(Beginning of INPUT DATA)
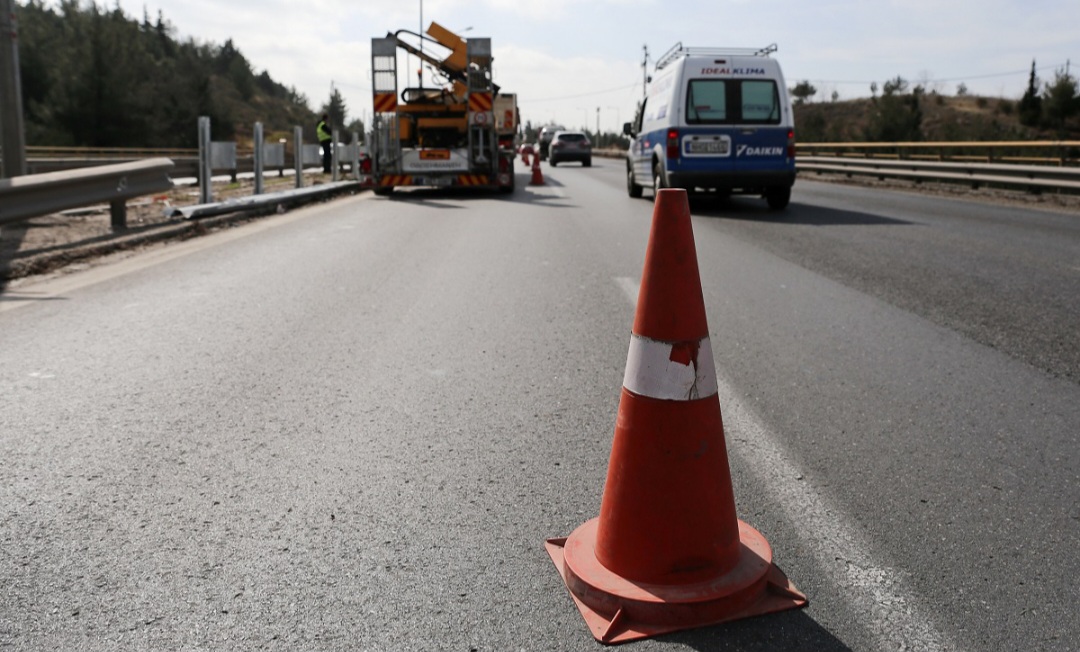 Eργασίες τοποθέτησης στηθαίων στην Εθνική Οδό 2 Θεσσαλονίκης – Έδεσσας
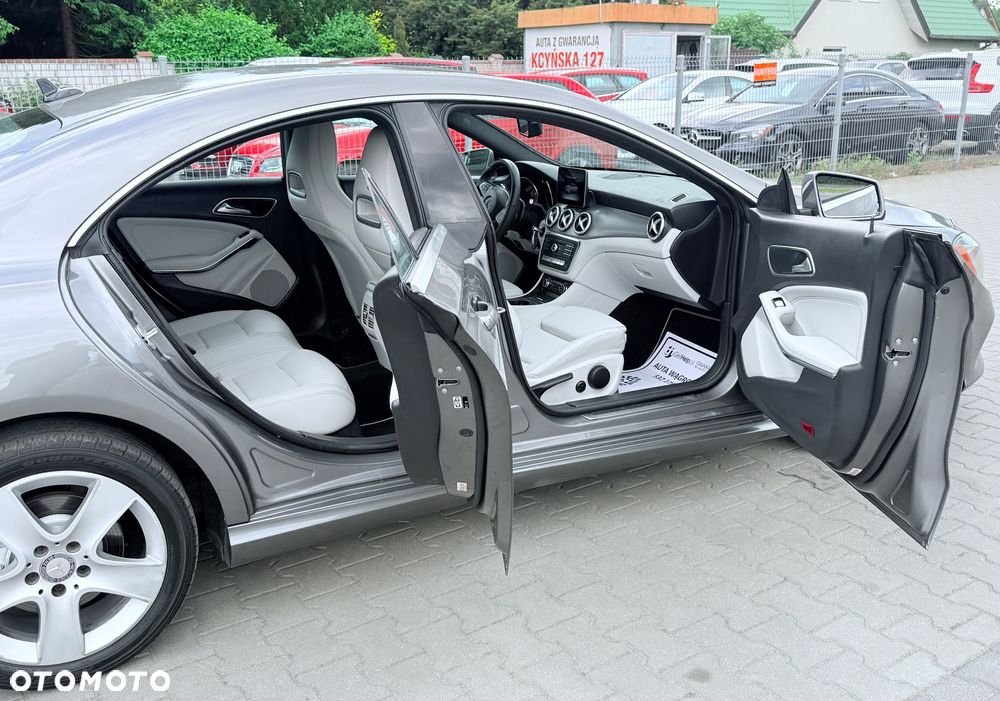 Mercedes-Benz CLA 250 7G-DCT AMG Line - 17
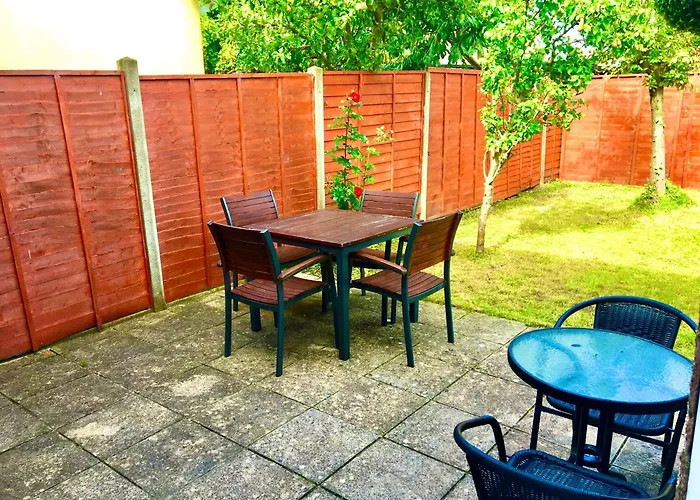 The Washington Sleeps 10 People Park 4 Cars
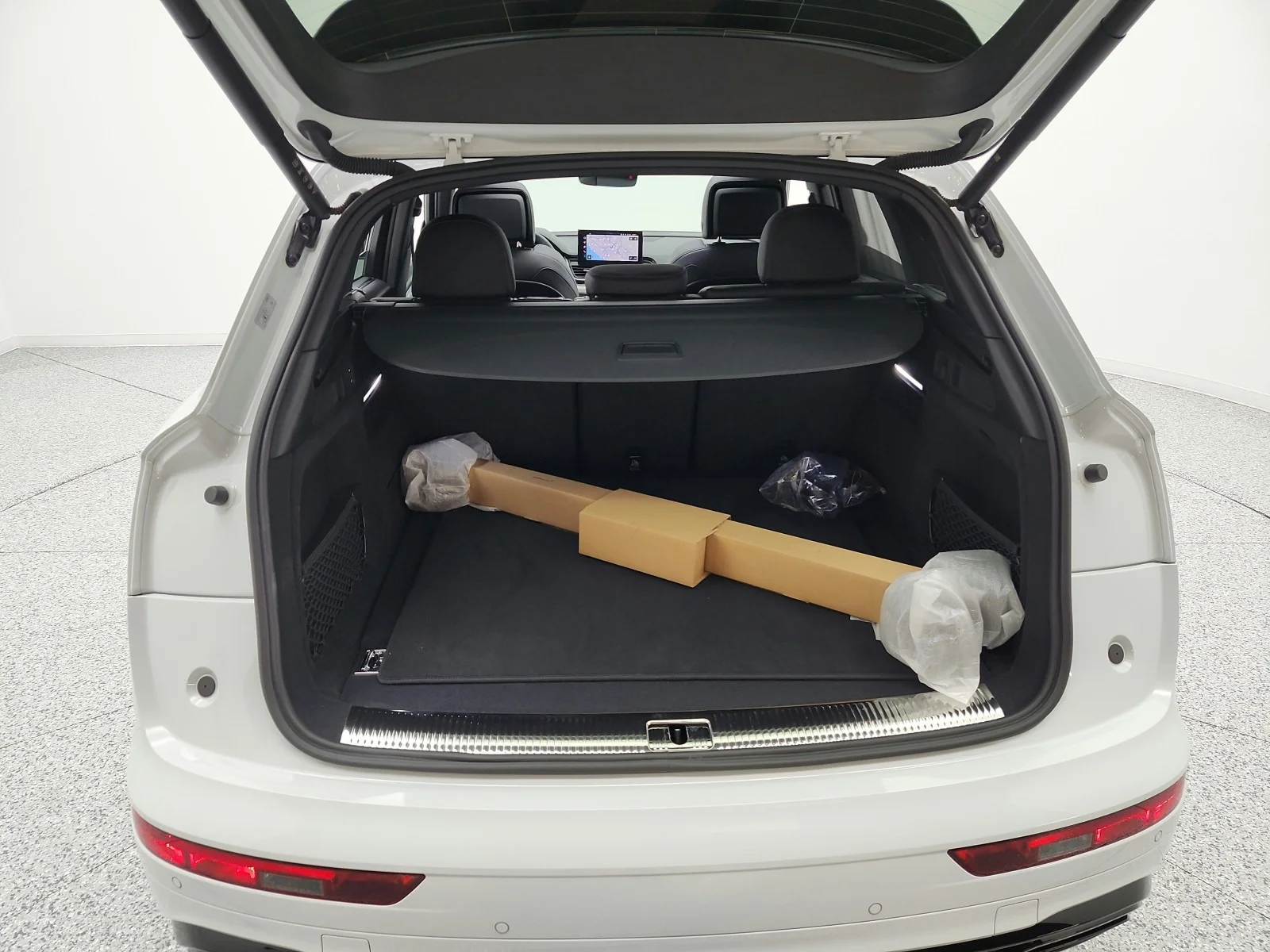 Used 2024 Glacier White Metallic Audi S line Prestige 55 TFSI e quattro image 21
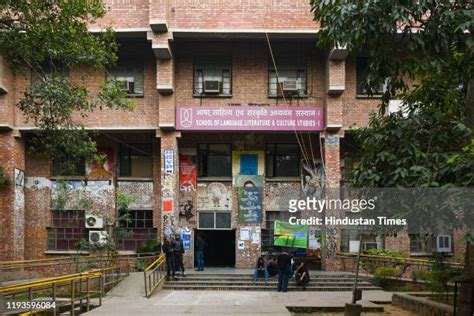 Jawaharlal Nehru University Campus Photos and Premium High Res Pictures - Getty Images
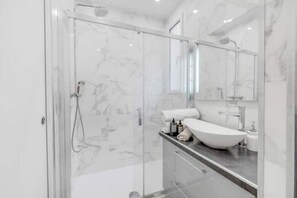 Secadora de cabello, toallas, jabón, papel de baño 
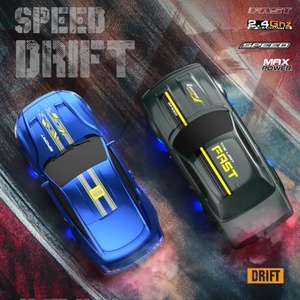 Voiture de drift rechargeable haute performance à l'échelle 1/43 pour enfants, en métal durable, avec éclairage, résistante aux chocs, télécommande et chargeur - Product Image 3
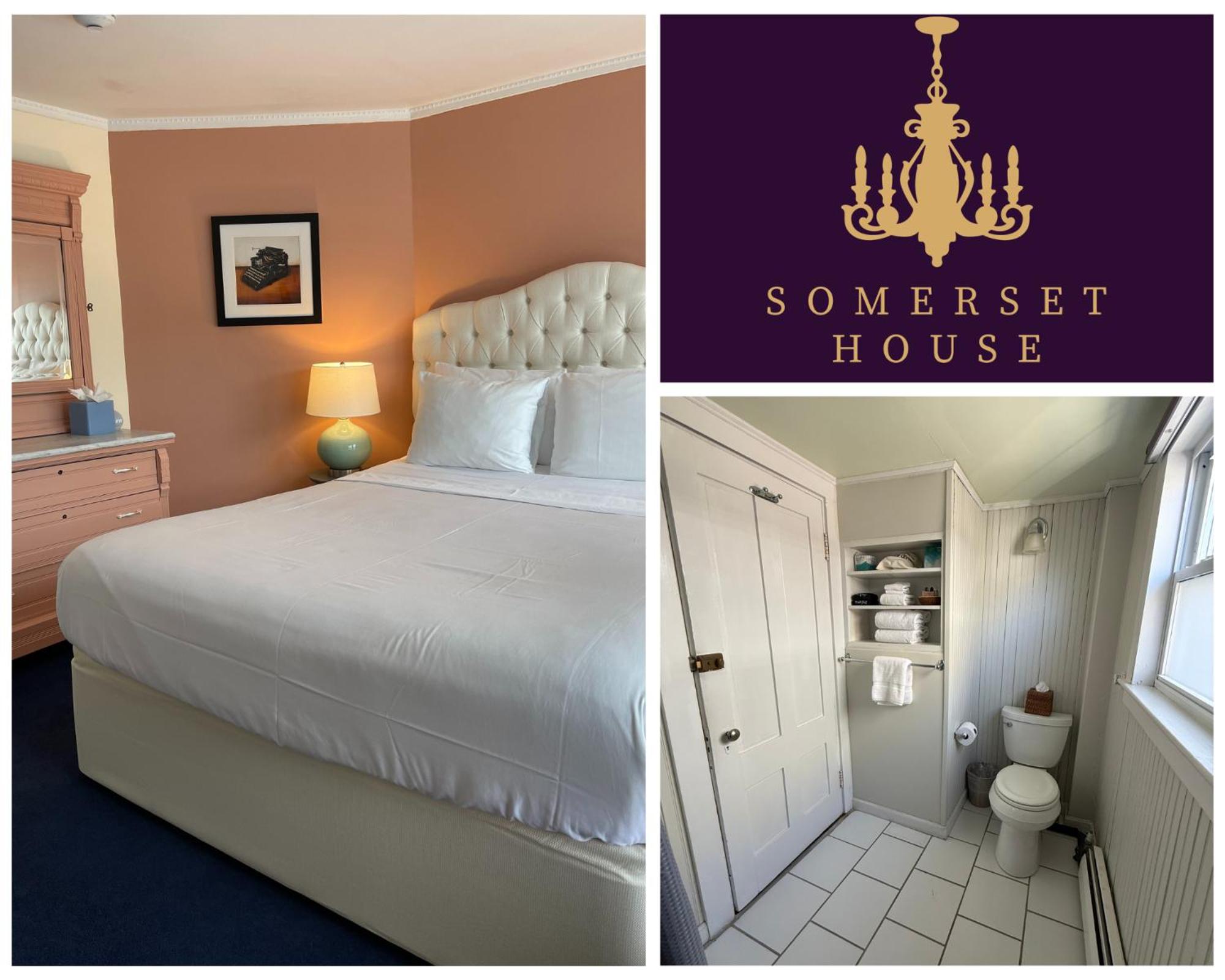 Queen Room with Detached Bath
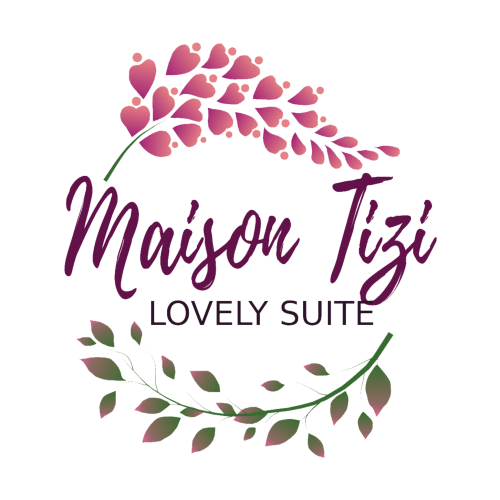Logo Maison Tizi Lovely Suites con ramo di cuore rosa e foglie verdi - boutique B&B a Fiumicino Roma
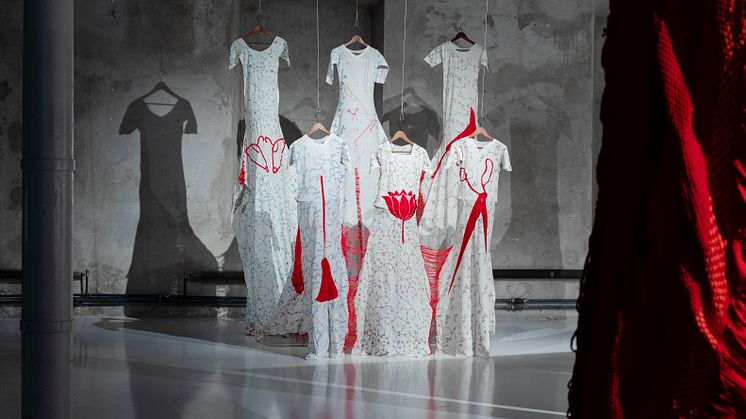 Installation vie/Installationsbild Delta & Sediment, 2019 "Revised the Dress Code", 2008 Yasmin Jahan Nupur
(End of INPUT DATA)
**WHAT THIS TASK INVOLVES:** Only the lines from the beginning of the records through the line bearing "Logo Maison Tizi" belong in the answer, copied word for word with pictures left out.

**EXPECTED OUTPUT:**
 Eργασίες τοποθέτησης στηθαίων στην Εθνική Οδό 2 Θεσσαλονίκης – Έδεσσας
 Mercedes-Benz CLA 250 7G-DCT AMG Line - 17
 The Washington Sleeps 10 People Park 4 Cars
 Used 2024 Glacier White Metallic Audi S line Prestige 55 TFSI e quattro image 21
 Jawaharlal Nehru University Campus Photos and Premium High Res Pictures - Getty Images
 Secadora de cabello, toallas, jabón, papel de baño 
 Voiture de drift rechargeable haute performance à l'échelle 1/43 pour enfants, en métal durable, avec éclairage, résistante aux chocs, télécommande et chargeur - Product Image 3
 Queen Room with Detached Bath
Logo Maison Tizi Lovely Suites con ramo di cuore rosa e foglie verdi - boutique B&B a Fiumicino Roma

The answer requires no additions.